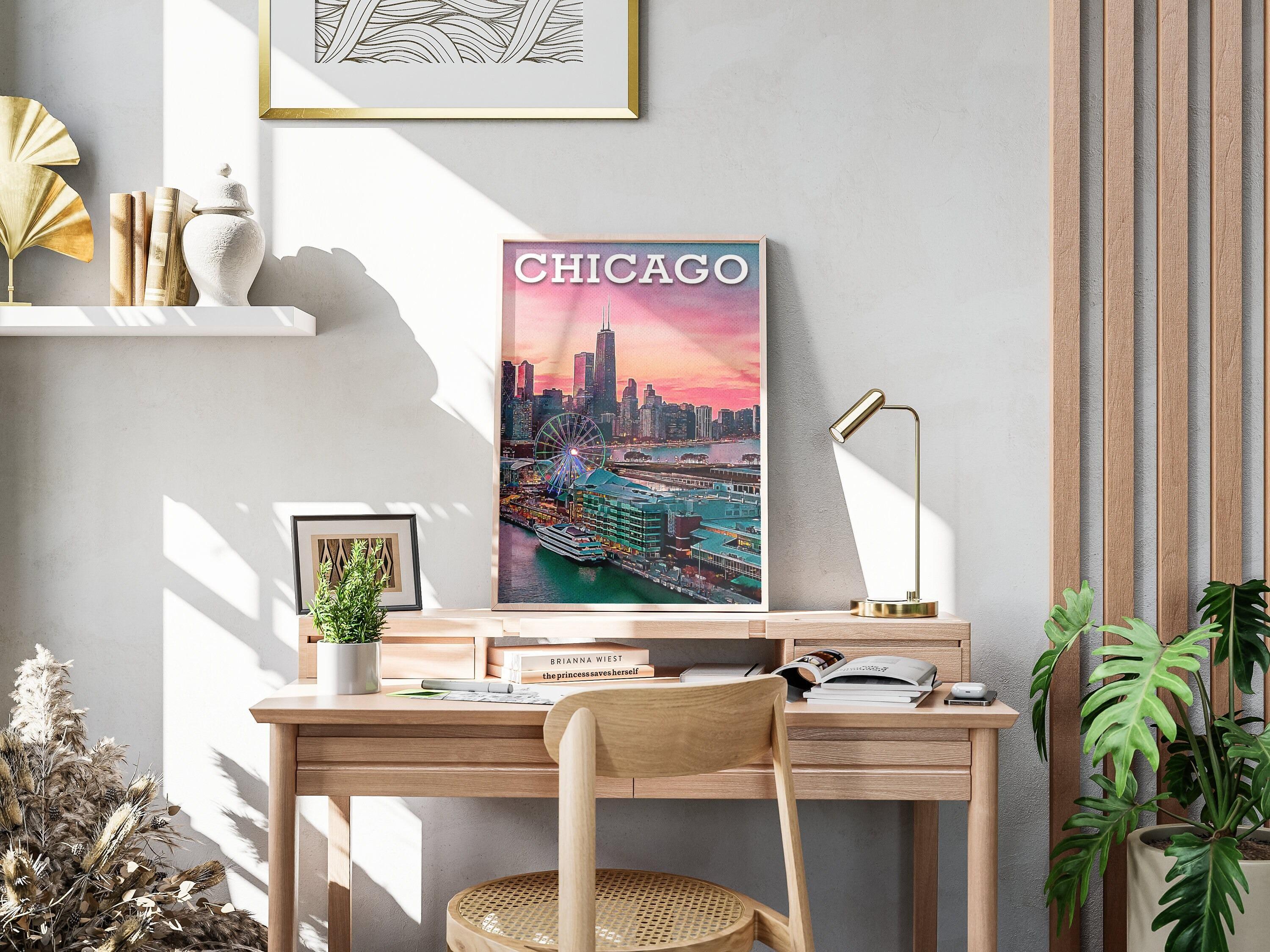 Chicago travel print on a wooden desk with brass lamp, warm shadows and monstera plant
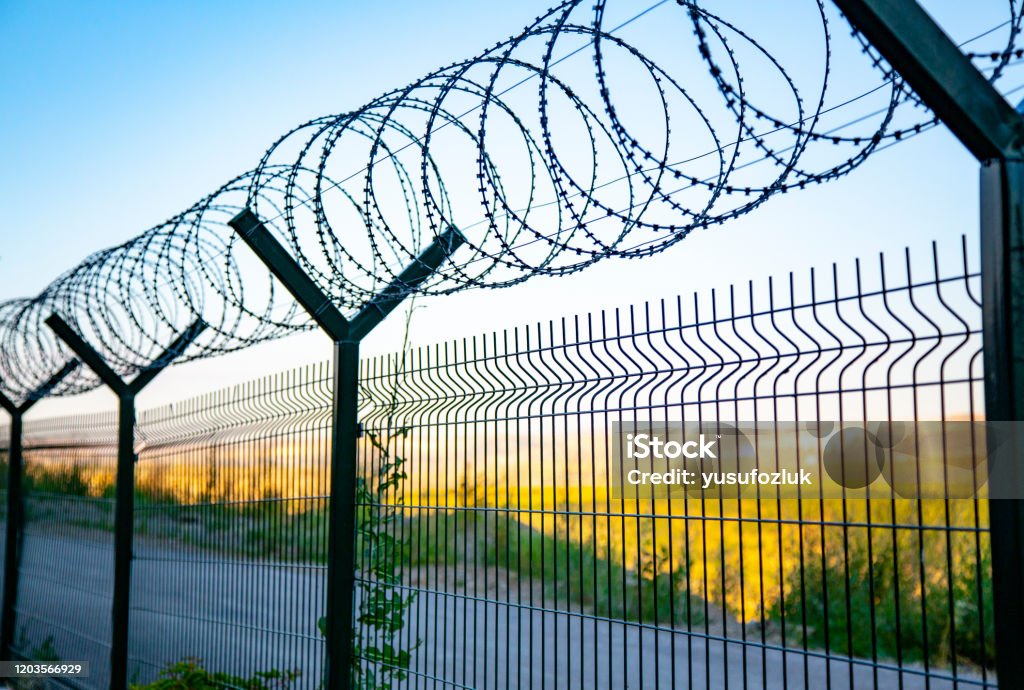 Steel Grating Fence Of Soccer Fieldmetal Fence Wire With Bokeh In The  Background Coiled Razor Wire With Its Sharp Steel Barbs On Top Of A Wire  Mesh Perimeter Fence Ensuring Safety And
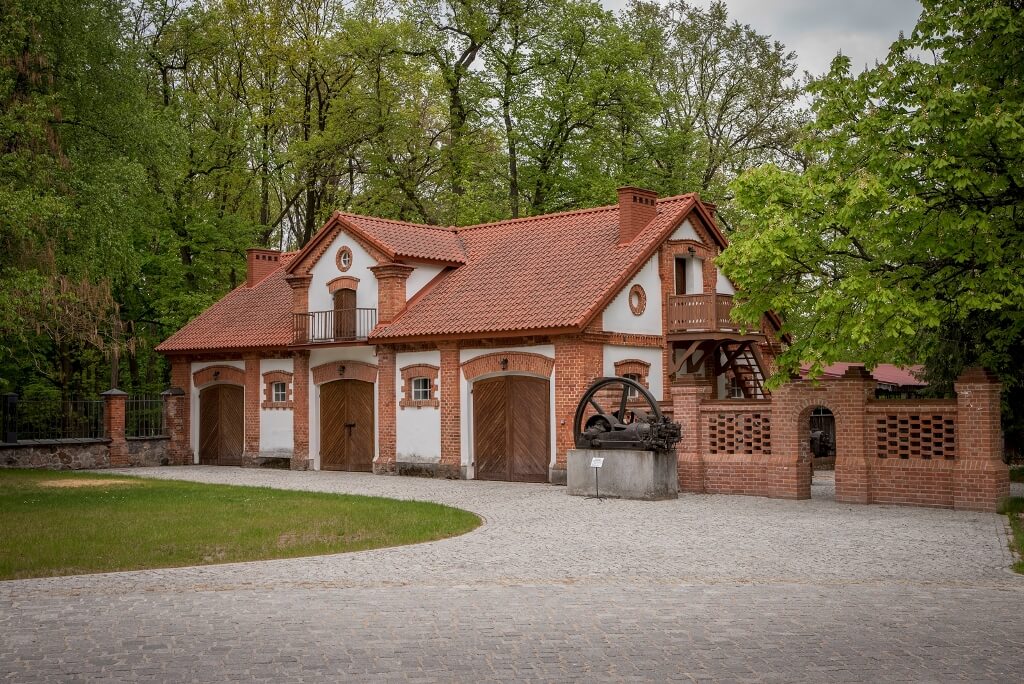 Fragment muru przy powozowni, w tle budynek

__Required action__. With all pictures omitted, return the lines from the line containing "Steel Grating Fence" through the closing line of the listing above, exactly and inclusive.

__Exercise output__.
 Steel Grating Fence Of Soccer Fieldmetal Fence Wire With Bokeh In The  Background Coiled Razor Wire With Its Sharp Steel Barbs On Top Of A Wire  Mesh Perimeter Fence Ensuring Safety And
 Fragment muru przy powozowni, w tle budynek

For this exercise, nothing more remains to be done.